Bochum/Castrop-Rauxel – Nähert man sich der Stadtgrenze zwischen Bochum und Castrop-Rauxel ungefähr in Verlängerung der auf Bochumer Seite endenden Straßenbahnlinie 308/318 sieht man einen etwa 100m langen Schlot. Schaut man von Obercastrop über Gewächshäuser oder von Bochum-Gerthe aus über das Gewerbegebiet an der Dieselstraße, dann ist das auch das Erste, was einem nicht ortskundigen Durchreisenden einfällt. Bei wörtlich genommen näherer Betrachtung fällt auf, dass jegliches Gebäude dazu fehlt. Die abgestuften grünen Streifen am Boden geben den Schlot als Mast einer XXL-Windenergieanlage zu erkennen, bei der noch Getriebe, Generator und Rotoren fehlen.

Investitionsruine XXL Windkraftanalge
Es handelt sich um eine nicht fertig gestellte Windkraftanlage der Firma Godewimd, deren Bau inzwischen letztinstanzlich für unzulässig erklärt worden ist. Die Anlage steht mindestens 30m zu nahe an der nächsten Wohnbebauung, so der der Kläger. Eine Einigung über Entschädigungszahlungen ist bisher gescheitert. Die hinter der Firma stehenden Bauern werden den Turm voraussichtlich wieder abreißen müssen. Eine Sprengung kommt dafür infrage, wenn nicht noch deutlich teurer die 30m tiefen Fundamente ausgegraben werden müssen. Den Besitzern dieser Investitionsruine droht jedoch nicht der Ruin, denn die Errichtung der Anlage an eben dieser unzulässigen Stelle wurden von der Stadt Bochum und dem gemeinsamen Umweltamt der Städte Bochum, Dortmund und Hagen genehmigt. Als Teilnehmer am Gemeinsamen Kommunalen Schadensausgleich (KSA), einer Art Versicherung auf Gegenseitigkeit der teilnehmenden Gemeinden, müssen die drei Städte wie bei einer Autoversicherung ’nur‘ mit einer Erhöhung ihrer Beiträge rechnen.

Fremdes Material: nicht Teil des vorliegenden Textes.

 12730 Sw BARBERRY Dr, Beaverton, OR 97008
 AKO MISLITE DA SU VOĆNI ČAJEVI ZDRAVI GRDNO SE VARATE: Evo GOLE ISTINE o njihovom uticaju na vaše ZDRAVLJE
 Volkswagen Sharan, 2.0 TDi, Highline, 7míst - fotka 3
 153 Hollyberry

Am Ende ist es jedoch Geld der Steuerzahler, das hier über den KSA auf viele Kommunen verteilt verschwendet wurde. Als Ursache könnten Fehler von Mitarbeitern der Verwaltung(en) angesehen werde, die auch rechtlich den Schadensersatz gegenüber ihren Dienstherren, den drei Städten als Träger des gemeinsamen Umweltamtes, begründen. Die Geschichte wäre gewürzt mit einer stetig wachsenden Anlagengröße, wachsenden Rotoren- und Mastlänge und sich verschiebenden Standorzen. Politisch steht dahinter aber der seit Anfang der 1990er währende Wunsch der Grünen nach einer ‚eigenen‘ Windkraftanlage auf Bochumer Stadtgebiet. Auch Erkenntnisse der Verwaltung, dass im Bochumer Stadtgebiet keine geeignete Fläche vorhanden sei, hielten aufgrund der im Bochumer Rat bestimmenden rot-grünen Koalition nicht davon ab, immer wieder Gutachten zu beauftragen und zuletzt einen Standort in einem Winkel des Stadtgebiets als Standort zu forcieren, der fast schon Castrop ist und auch darüber zu erreichen. Diese Geschichte wird hier nachfolgend erzählt.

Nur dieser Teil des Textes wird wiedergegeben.